Records contained in a dataset
══════════

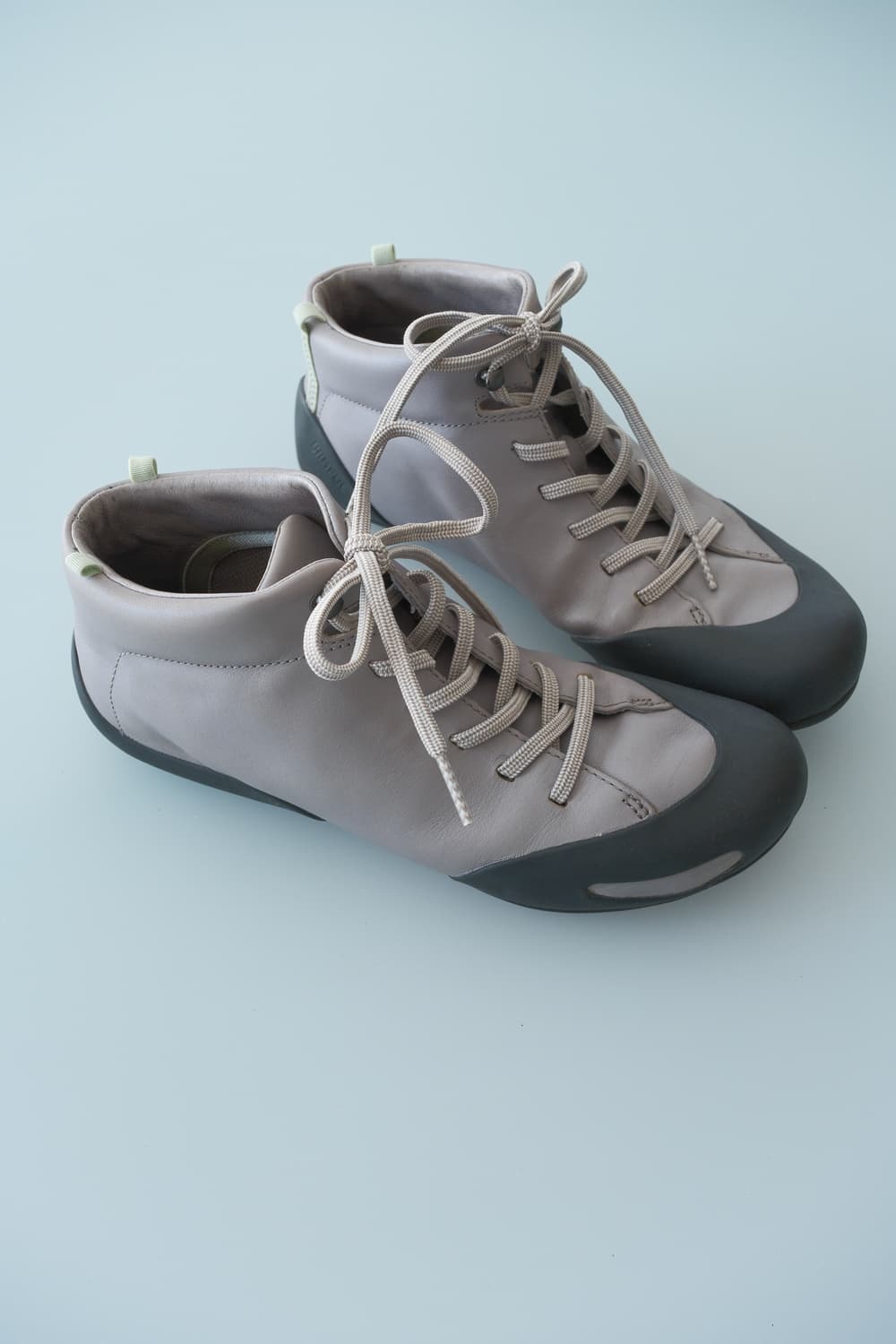 Camper Peu Senda 상품이미지5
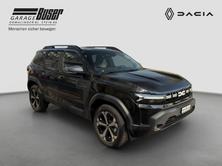 DACIA Duster 1.2 Hybrid Journey 4WD, Voll-Hybrid Benzin/Elektro, Neuwagen, Automatik - 6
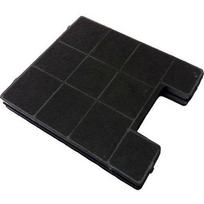 Gartraukio filtras Greentek 180178
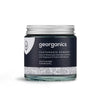 Pasta dental en polvo carbón activo Georganics 120 ml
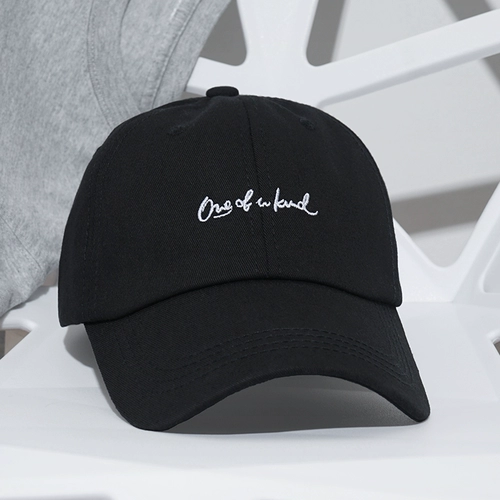 Tide, кепка, модная универсальная летняя бейсболка, солнцезащитная шляпа, шапка на солнечной энергии, в корейском стиле, популярно в интернете, защита от солнца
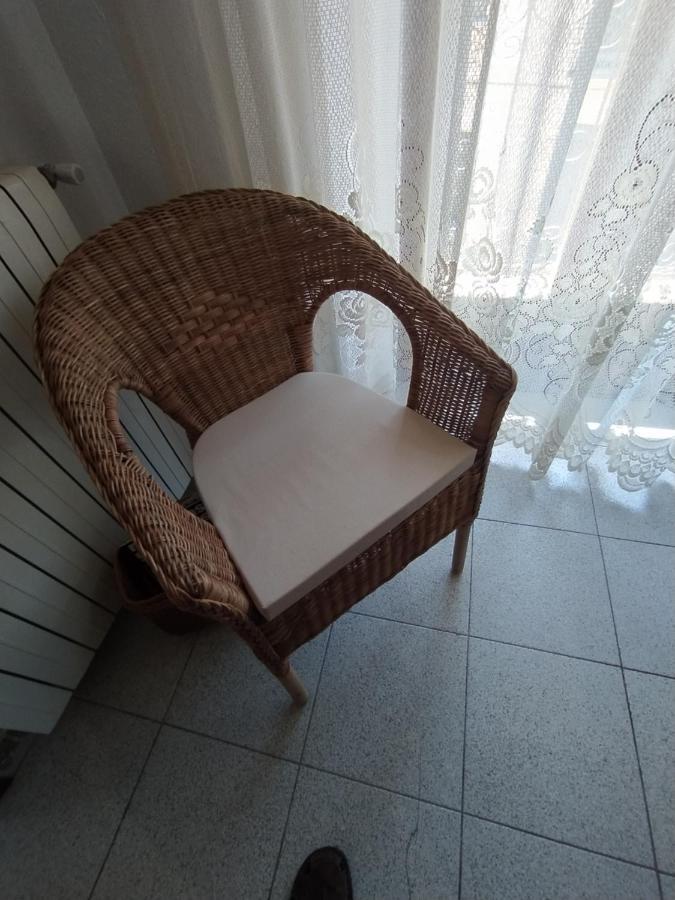 Cal Ferrer De Apartment *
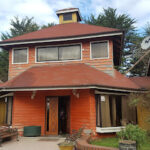 AF1QipOR7zobrZFyE1Mhyw3M jNtpq5CfuYFrga DydCw426 h240 k no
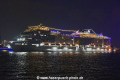 MSC Grandiosa 091119-26.jpg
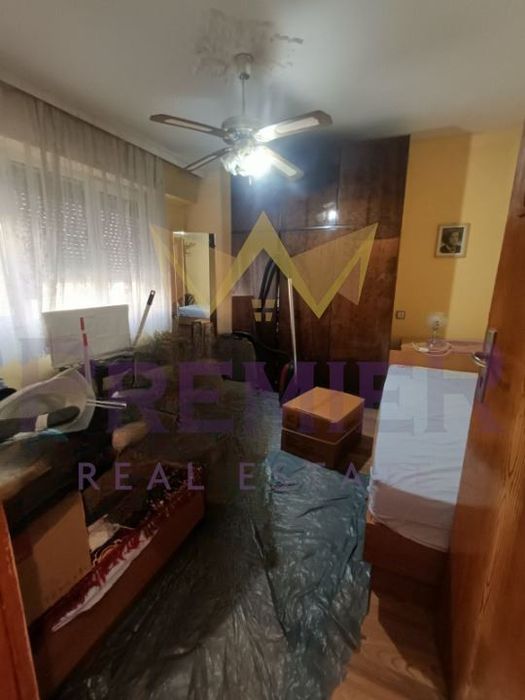 3-стаен в Бургас-Славейков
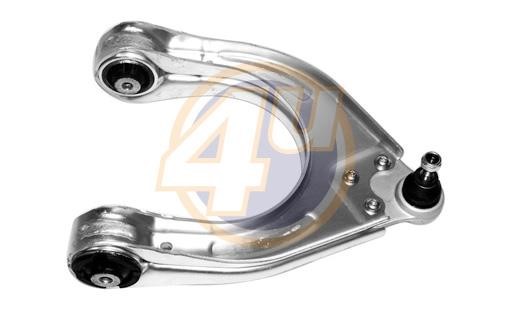 4U MR-G-12954 Track Control Arm MRG12954: Buy near me at 2407.PL in Poland at an Affordable price!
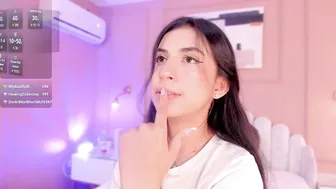 Zia_cooper live on cam webcam porn video
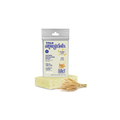 ESPONJABON BARRA - AVENA 4.2 OZ (Nuevo)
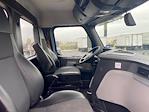 Used 2019 Freightliner Cascadia Detroit DD13 Semi Truck for sale #222587 - photo 14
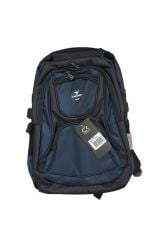 OZKARA LUX SIRT CANTASI HAKI 025-4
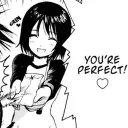 /cuffy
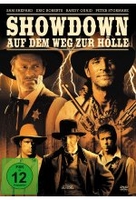 Showdown auf dem Weg zur Hölle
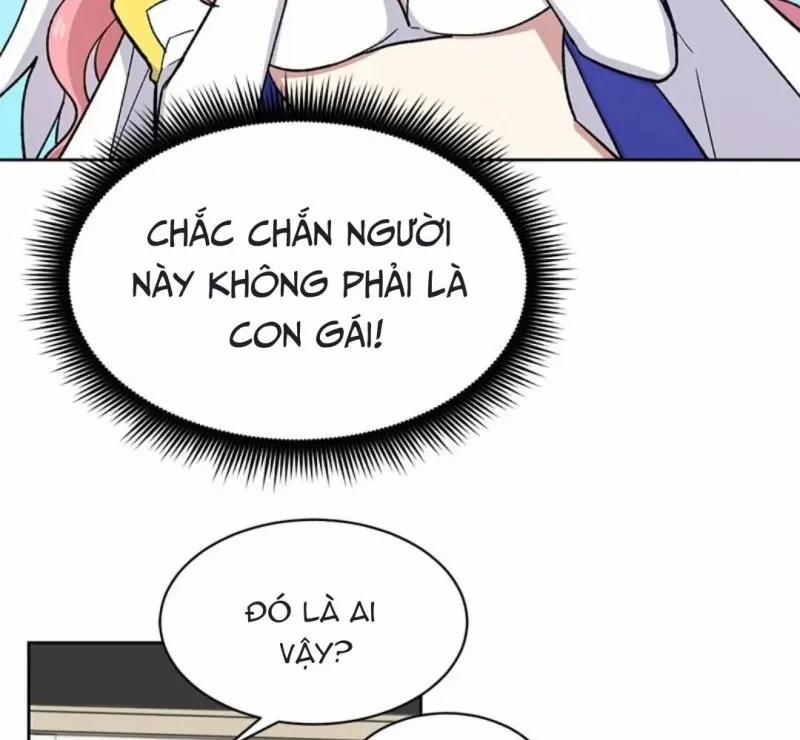 Chàng Trai Ngọt Ngào 6 trang 54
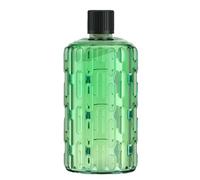 Générique Automatic Aromatherapy Diffuser - 7 colori Aroma Scent Cool Mist Umidifiers with Digital Display | Oil Diffuser for Bedroom and Living Room and Other Places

══════════

**Work item:** Each line from the one holding "DACIA Duster 1.2" through the final line of the data needs to be transcribed exactly. Include both ends, skip the pictures, and add nothing.

**Task solution:**
 DACIA Duster 1.2 Hybrid Journey 4WD, Voll-Hybrid Benzin/Elektro, Neuwagen, Automatik - 6
 Gartraukio filtras Greentek 180178
 Pasta dental en polvo carbón activo Georganics 120 ml
 Tide, кепка, модная универсальная летняя бейсболка, солнцезащитная шляпа, шапка на солнечной энергии, в корейском стиле, популярно в интернете, защита от солнца
 Cal Ferrer De Apartment *
 AF1QipOR7zobrZFyE1Mhyw3M jNtpq5CfuYFrga DydCw426 h240 k no
 MSC Grandiosa 091119-26.jpg
 3-стаен в Бургас-Славейков
 4U MR-G-12954 Track Control Arm MRG12954: Buy near me at 2407.PL in Poland at an Affordable price!
 Zia_cooper live on cam webcam porn video
 ESPONJABON BARRA - AVENA 4.2 OZ (Nuevo)
 Used 2019 Freightliner Cascadia Detroit DD13 Semi Truck for sale #222587 - photo 14
 OZKARA LUX SIRT CANTASI HAKI 025-4
 /cuffy
 Showdown auf dem Weg zur Hölle
 Chàng Trai Ngọt Ngào 6 trang 54
 Générique Automatic Aromatherapy Diffuser - 7 colori Aroma Scent Cool Mist Umidifiers with Digital Display | Oil Diffuser for Bedroom and Living Room and Other Places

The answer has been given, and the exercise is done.